I recently moved to a smaller town within the last two years as I lived in a big city and with scores in the 90's on the test I was always low on the list. I took the test in April as my new town did not have an age limit (I am 35). 

The scores came out on November 1st and I was number 6. Today I recieved a letter from civil cervice stating my town added the age limit law. When I went online to see my standings, I found that I was taken off of the list and only remained on the cities that I do not reside in.

I made an appointement to meet with the Chief next week to see if there is some type of waiver, but an LT at the station told me that I "Didn't have a snowball chance in hell"

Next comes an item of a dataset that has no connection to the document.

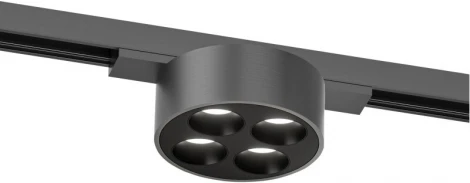 Трековый светильник для магнитного шинопровода Denkirs Shine Grill DK5772-DN 48V 6W темный никель (LED, круглые)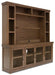 Boardernest Brown 85" TV Stand with Hutch image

I have experience and training and did recieve points for experience on the test. I heard there was a similair case in Boston and I hope anyone can tell me anything about it, or if someone knows of anyone challenging it. Also, what do you suggest I might say when I meet the chief. Thank you!


----------



## Easton (Apr 16, 2003)

I am not sure but you can look it up in civil service law the city or town can wave that age limit and Brockton as well as Boston have had people fight the age law and won.


----------



## MVS (Jul 2, 2003)

It's is interesting though... although I am young enough... I'm just curious as to how the State (cities/towns) can discriminate against age?


----------



## Guest (Dec 2, 2003)

NSP,

I had the same exact thing happen for my town. I took the test on a Saturday and the next Tuesday at Town Meeting, they approved the age requirement. I got zapped. I was #2 on the list with my experience points thrown in. 
This was 2 tests ago. I then had to wait a year and submit my own Town Meeting Warrant Article and it was approved. I then had to wait for the Mass State beaurocracy to take effect. Sweet Jane Swift signed it into law, but alas, no hiring. 
I should have made my Warrant Article better and had the whole age limit thrown out but I only let it apply to the next test date. I died #2 on the list. I can't believe the irony. Always a day late and :2c: short. Always this upcoming ATM to go throw a couple of bombs at!!
The case in Boston was Adams et al V Mass Civil Service Commission / HRD or something like that. From what I understand, it never flew and Menino did not sign it, the prick.


----------



## NSP233 (Dec 1, 2003)

*Housing Cop:*

Did you talk to your chief? Or am I waisting my time? I heard that the town can waive people who already took the test before they accepted the age thing, but I didn't know that it takes a year.

So if I understand right, if I do get waived, it can take up to a year for me to get on?

Since you are a Housing cop, are you in the state retirement system? I was told that the age limit is because of the retirement system, not age. If this is true, I would only have to work 20 years in civil service because of the time I already have.

I know the chief has the list right in hand because I heard that the town called for one. I assume the one he has doesn't have my name on it. So now I don't know if I should cancel the meeting if he has no idea who I am. You talk about irony...My big decision in moving here was that I could get on!!


----------



## Burner1 (Jul 30, 2002)

NSP...the Chief has no authority unless he/she is the "appointing authority". If you worked for a Civil Service department before, there are remote possibilities of "permissive appointments". PM for more info...straight from Civil Circuit Legal...


----------



## Guest (Dec 3, 2003)

NSP,

The chief (notice no capitol lettering) stood up at town meeting and said "Police work is a young mans job." I then replied that "The age of 33 is not old. People come out of the military as Majors in the Military Police at 38 and can run any 20 year old ragged." My motion passed since I think 1/2 the audience was 40's and above, and who was that boob to say that 33 is too old. I think he pissed off alot of people there. Just his style. 

Don't bother talking to the chief, go right to the Clerks office and talk to the people who actually know the law. 

The Housing Police are in the City Of Boston / MA State retirement system. I can bring my time over to any city, town or state job but I can't bring sick time or longevity. My 5 weeks vacation look good when I am the new guy just hired!! :shock:


----------



## NSP233 (Dec 1, 2003)

Thanks Housing cop...So in other words, I may have to go to town meeting and talk to the selectmen? How exactly did you go about doing that? You can PM me if you like. 
Like I said on my earlier post, I've only lived here a few years and don't know anything about the politics in town.


----------